Ergebnisse und Diskussion: Die Teilnahmerate an der telefonischen Nachbefragung betrug 89% (62/70). Initial wurden 29 Kinder (47%) ausschließlich chirurgisch, 31 (50%) chirurgisch-medikamentös und ein Kind (1,6%) ausschließlich medikamentös behandelt; bei einem Kind wurde abwartend vorgegangen (1,6%). Eine Totalexcision der betroffenen Lymphknoten wurde nur bei insgesamt 23 Kindern (38%) angegeben. Die Heilungsrate für die Totalexcision bei ausschließlich chirurgischem Vorgehen lag mit 64% (7/11; 95%CI: 31-90%) offenbar geringer als in internationalen Studien (>90%), wobei die Datenqualität zum operativen Vorgehen durch die Art der Befragung (Eltern, Recallbias) beeinflusst sein könnte. Eine adjuvante medikamentöse Behandlung (mit unterschiedlichem Therapieregime) schien keinen zusätzlichen Nutzen zu bringen (Heilungsrate von 67%, 8/12; 95%CI: 35-90%). Alle Kinder waren nach max. vier Behandlungsepisoden geheilt. Die lange Beobachtungszeit (5-8,5 Jahre) ermöglichte die Identifizierung von 4 Rezidiven bei verschiedenen Therapieansätzen (4/62, 6%), die 0,5-5 Jahre nach Abheilung der Ersterkrankung auftraten.

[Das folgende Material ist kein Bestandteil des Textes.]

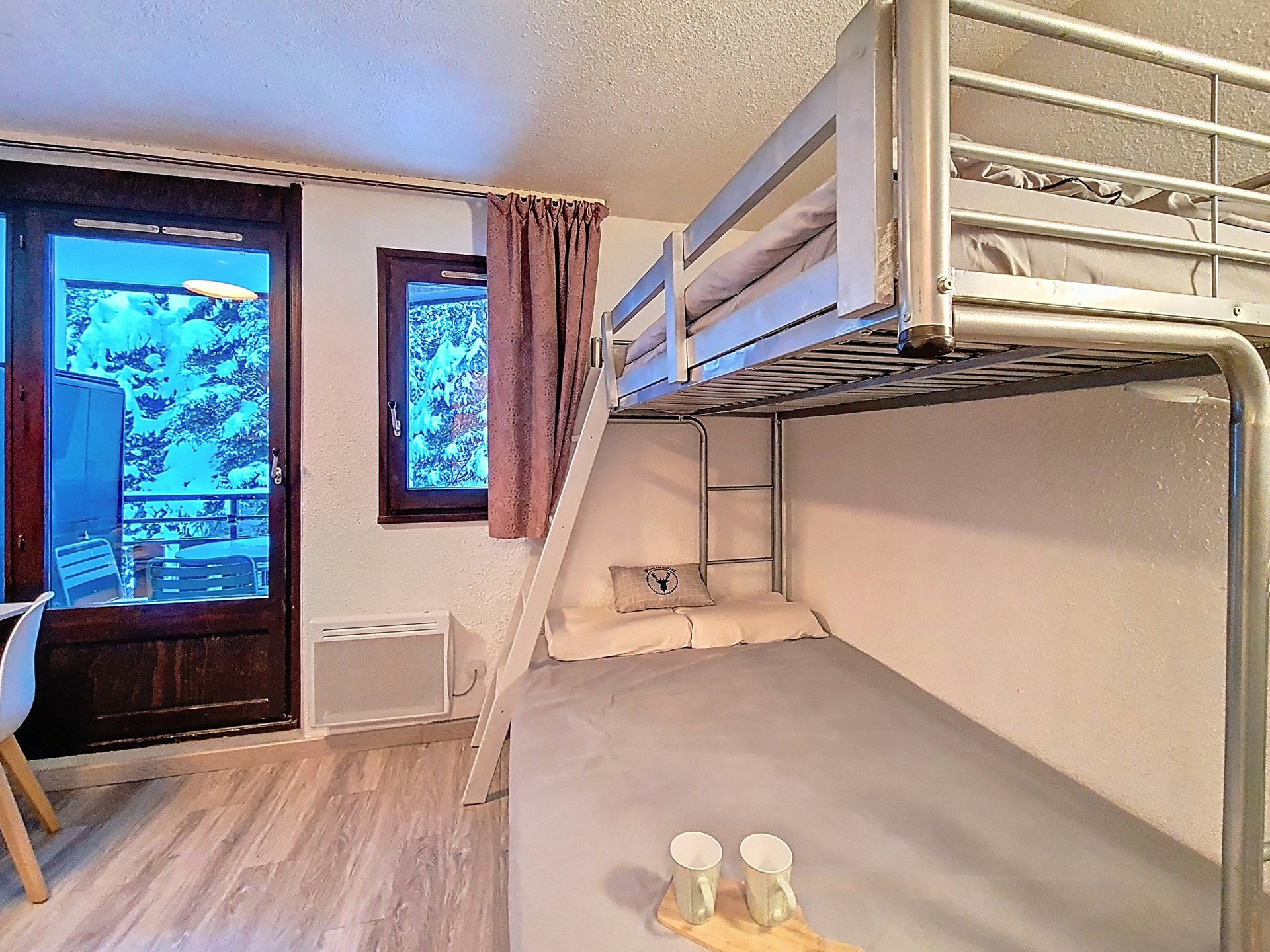 _agence-des-belleville_lv_images__lot_0000045637_08_28582005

Schlussfolgerung: Die vorliegende Studie liefert erstmals bundesweite Daten zu therapeutischem Vorgehen, Therapieergebnissen und zum Langzeitverlauf bei NTM-Lymphadenitis im Kindesalter, wenn auch mit insgesamt niedrigen Fallzahlen. Dabei zeigen sich erhebliche Abweichungen von der empfohlenen Standardtherapie der ausschließlichen chirurgischen Totalexcision. Für diese ergaben sich Hinweise auf unbefriedigende Heilungsraten bei Initialtherapie im internationalen Vergleich. Hier sind weitere umfangreichere Studien notwendig.